Word for word, repeat everything in the records below except the pictures.

**Materials provided**
╭──
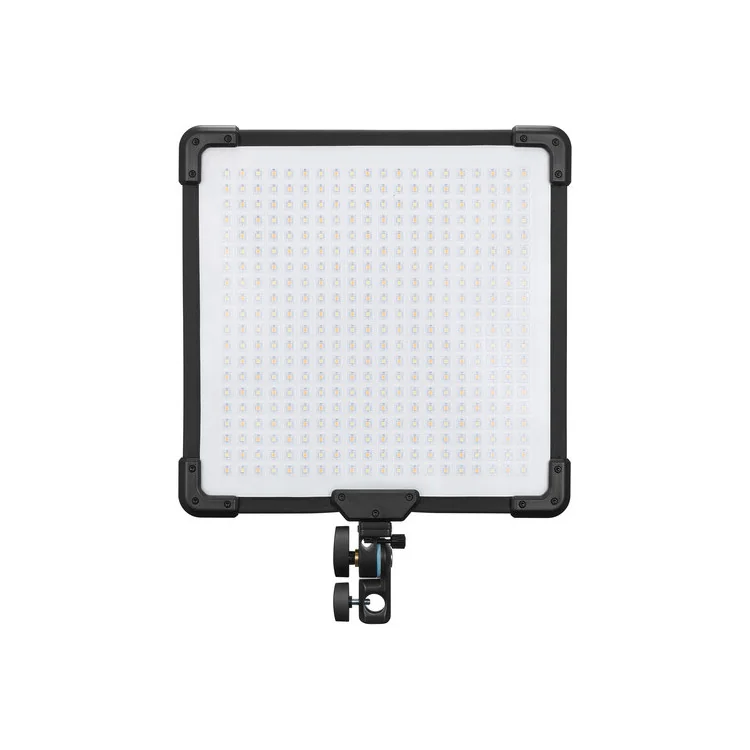 Panel LED portátil flexible Godox FH50Bi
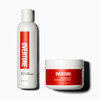 Extreme Red Healthy Color Duo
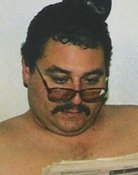 José Salles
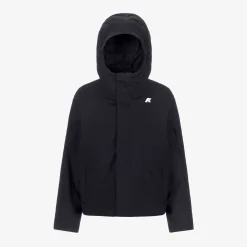 P. JACK WARM OTTOMAN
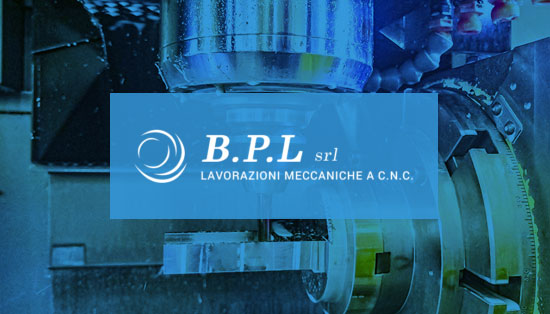 bpl caso estudo teaser d0f014696de9c78efc159a73c8081e71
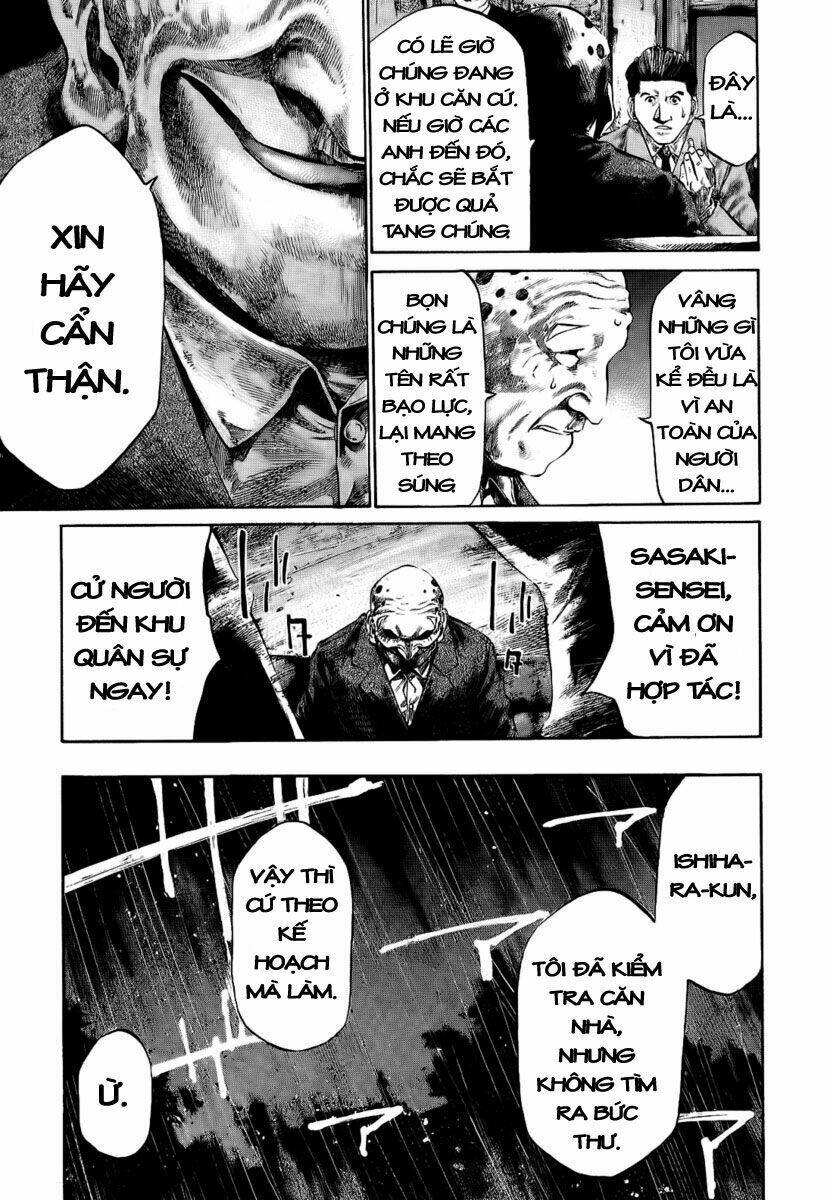 rainbow chapter 44 12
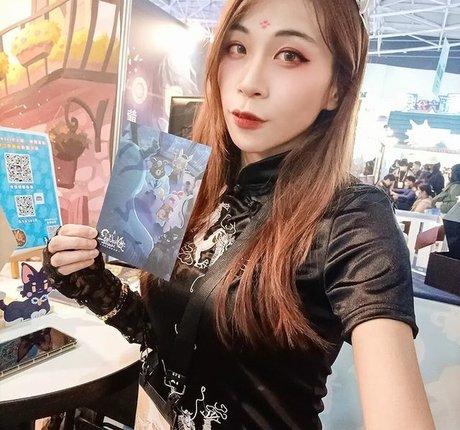 Avrillee999k kostenlose beste bild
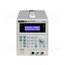 AX-3003P Power supply: programmable laboratory; Ch: 1; 0÷30VDC; 0÷3A 7IlPOAPtIpaFCXHLcm7rGfbaCB6z0AodP4KxkHeg8pc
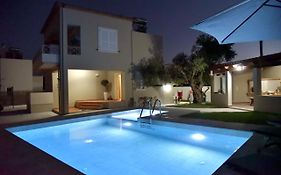 Villa Blue Vedere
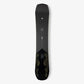 CAPiTA The Black Snowboard of Death Wide Snowboard 2027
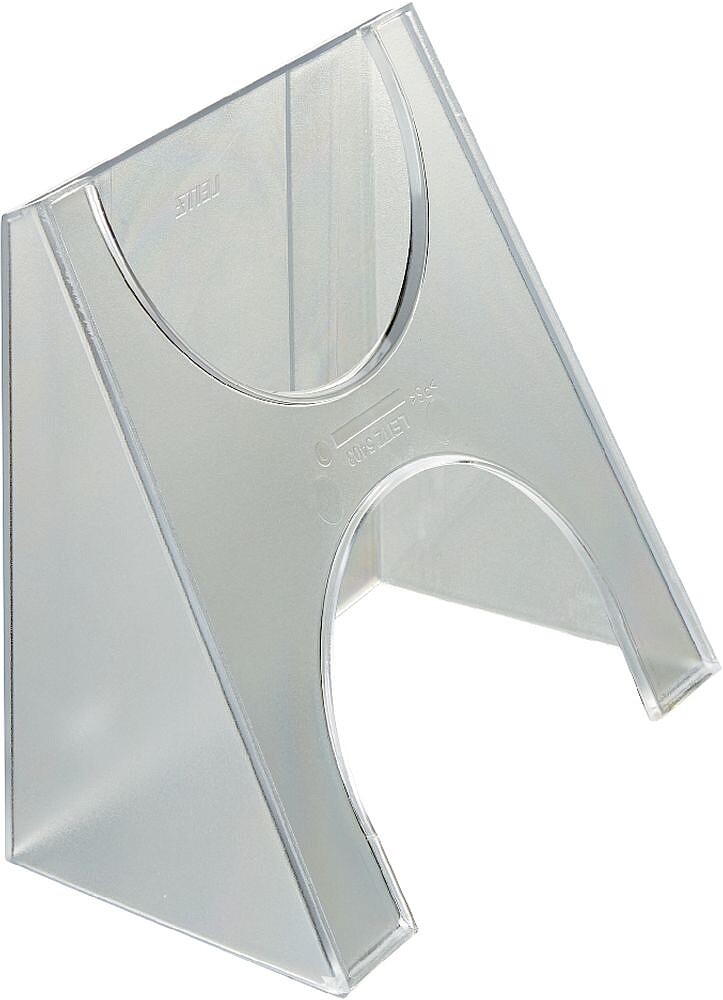 Adaptador (L 175 x A 100 x Prof.168) : transp es54030002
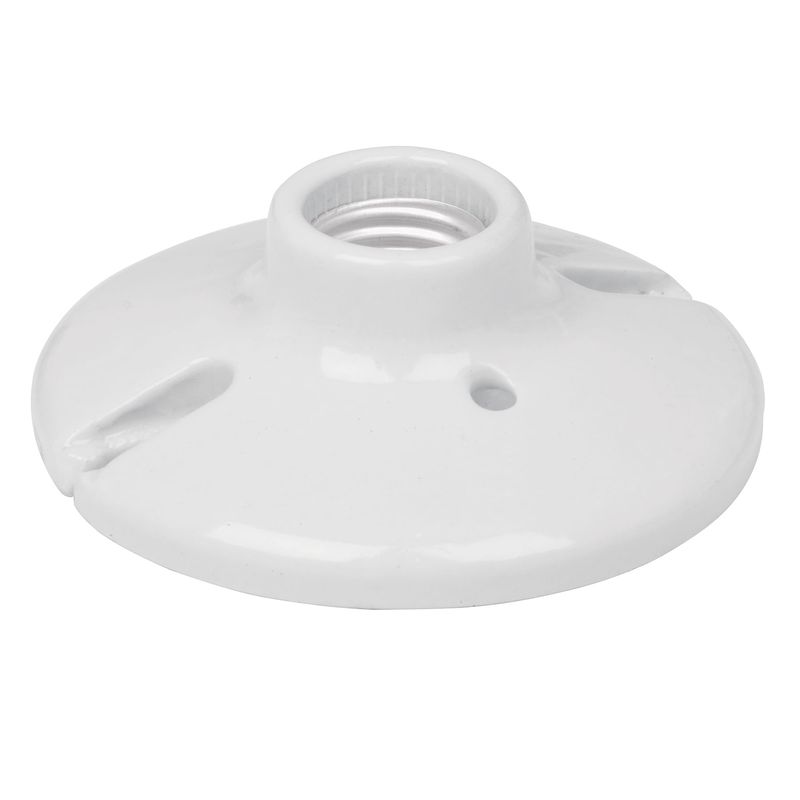 Portalampara-de-porcelana-4-1-2--redonda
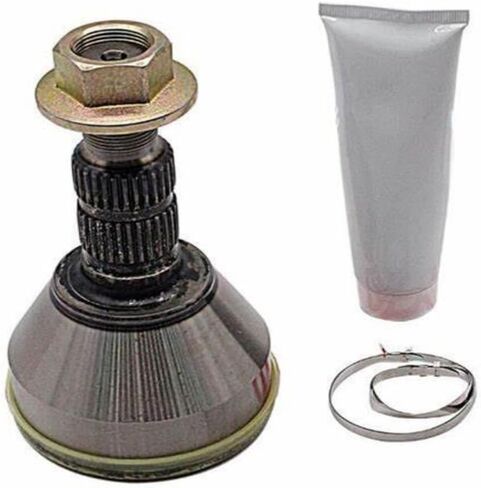 مندوب# 13296184 CV Coint Gu Rupl Cover 1pc/set in Saudi Arabia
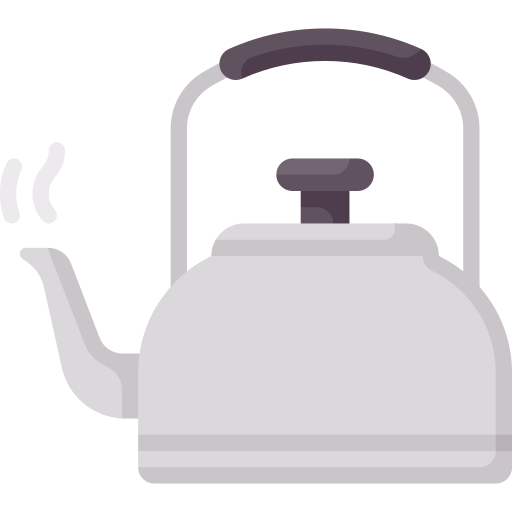 کتری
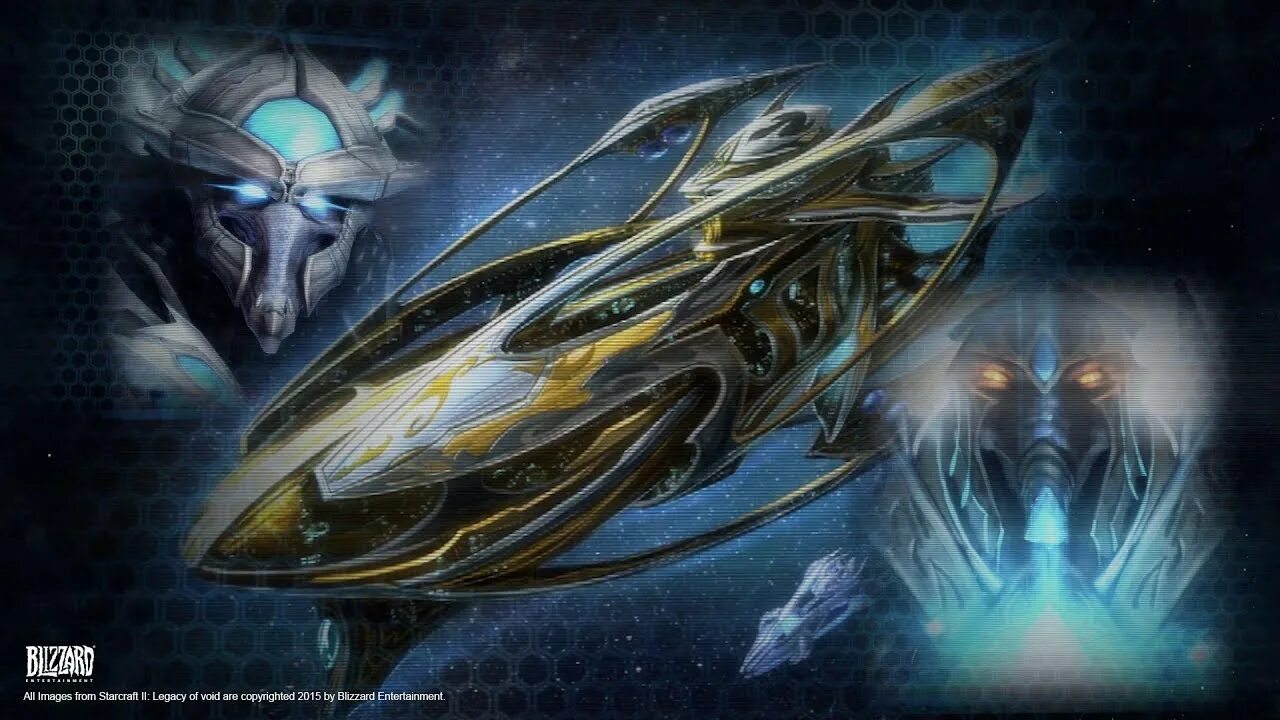 STARCRAFT 2 Legacy of the Void. STARCRAFT Legacy of the Void. STARCRAFT 2 Legacy of the Void Avenger Art. Старкрафт 2 Легаси оф зе ВОЙД. Voices of the void craft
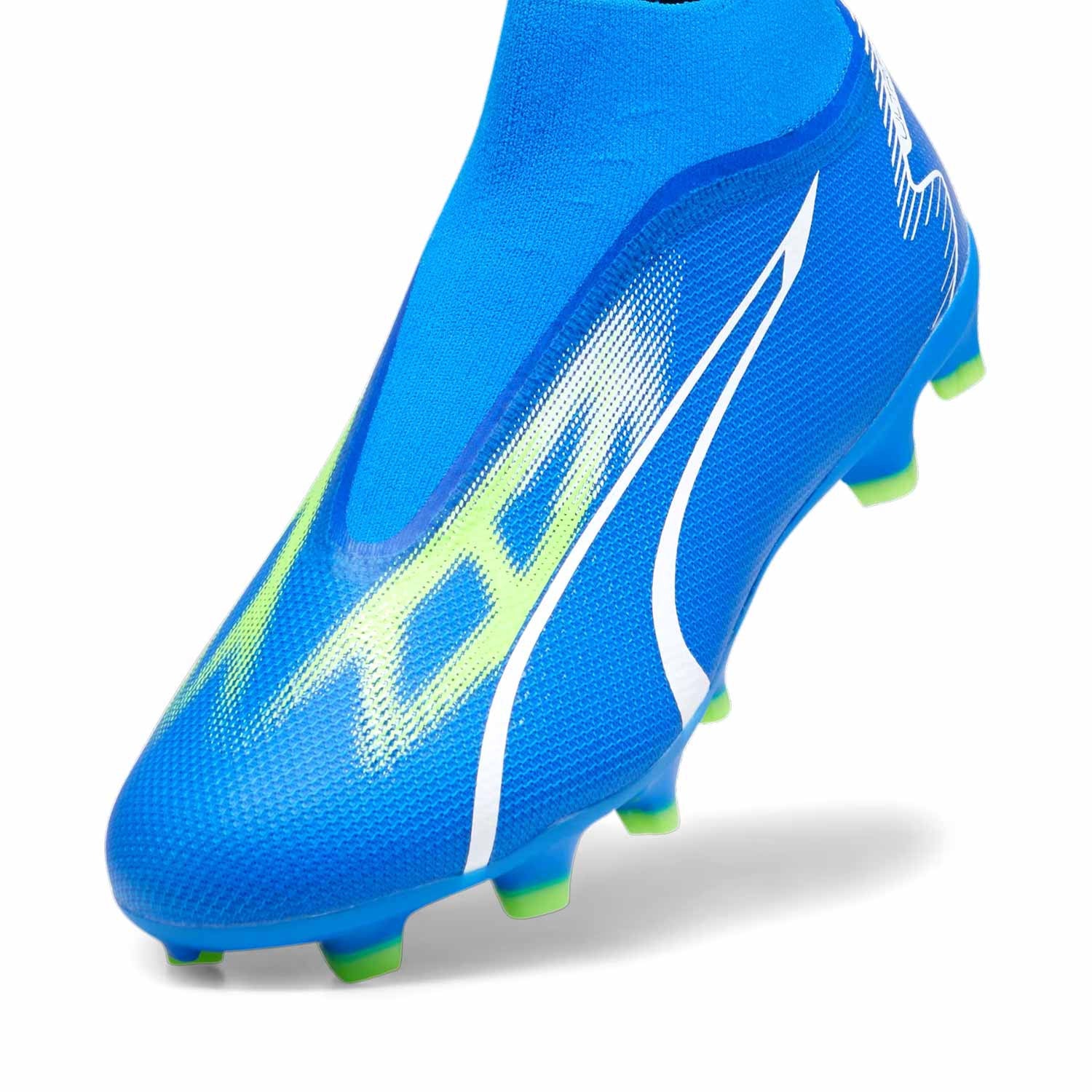 Sport You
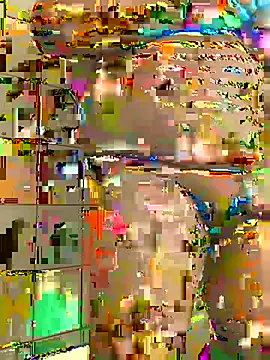 KleinerSchlingel20 online show from July 2026 02:41:02 PM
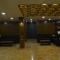 Hotel Mount Regency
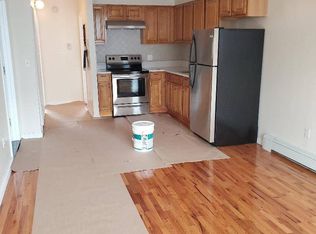 6040 Flushing Ave #2, Maspeth, NY 11378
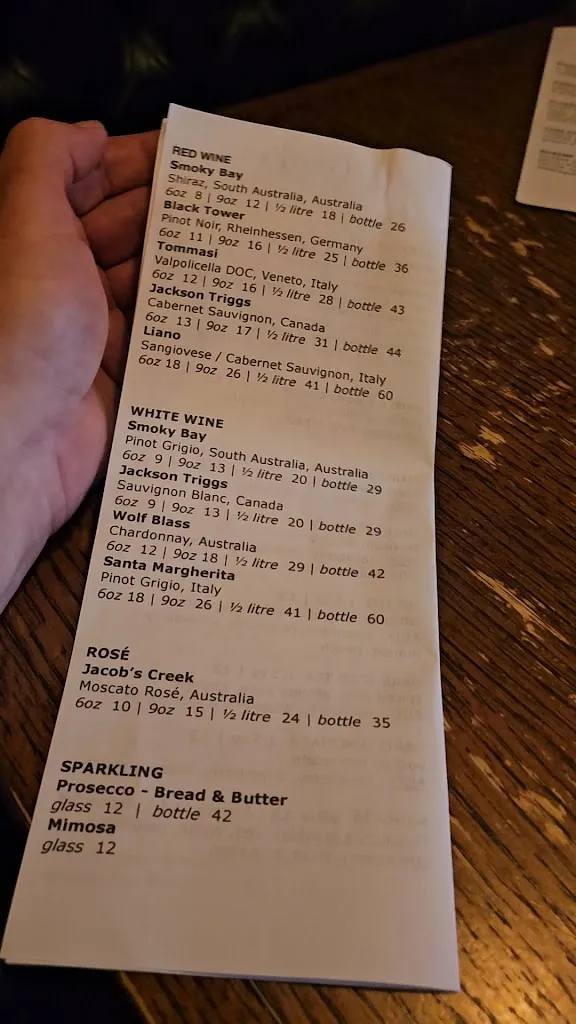 Menu_Gerti's_Peterborough_image_old_2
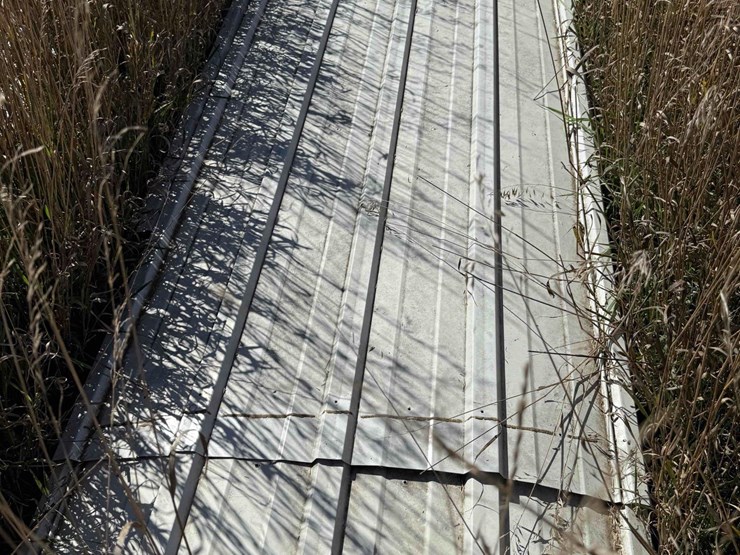 used-barn-tin-image-1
╰──
**Expected output**
 Panel LED portátil flexible Godox FH50Bi
 Extreme Red Healthy Color Duo
 José Salles
 P. JACK WARM OTTOMAN
 bpl caso estudo teaser d0f014696de9c78efc159a73c8081e71
 rainbow chapter 44 12
 Avrillee999k kostenlose beste bild
 AX-3003P Power supply: programmable laboratory; Ch: 1; 0÷30VDC; 0÷3A 7IlPOAPtIpaFCXHLcm7rGfbaCB6z0AodP4KxkHeg8pc
 Villa Blue Vedere
 CAPiTA The Black Snowboard of Death Wide Snowboard 2027
 Adaptador (L 175 x A 100 x Prof.168) : transp es54030002
 Portalampara-de-porcelana-4-1-2--redonda
 مندوب# 13296184 CV Coint Gu Rupl Cover 1pc/set in Saudi Arabia
 کتری
 STARCRAFT 2 Legacy of the Void. STARCRAFT Legacy of the Void. STARCRAFT 2 Legacy of the Void Avenger Art. Старкрафт 2 Легаси оф зе ВОЙД. Voices of the void craft
 Sport You
 KleinerSchlingel20 online show from July 2026 02:41:02 PM
 Hotel Mount Regency
 6040 Flushing Ave #2, Maspeth, NY 11378
 Menu_Gerti's_Peterborough_image_old_2
 used-barn-tin-image-1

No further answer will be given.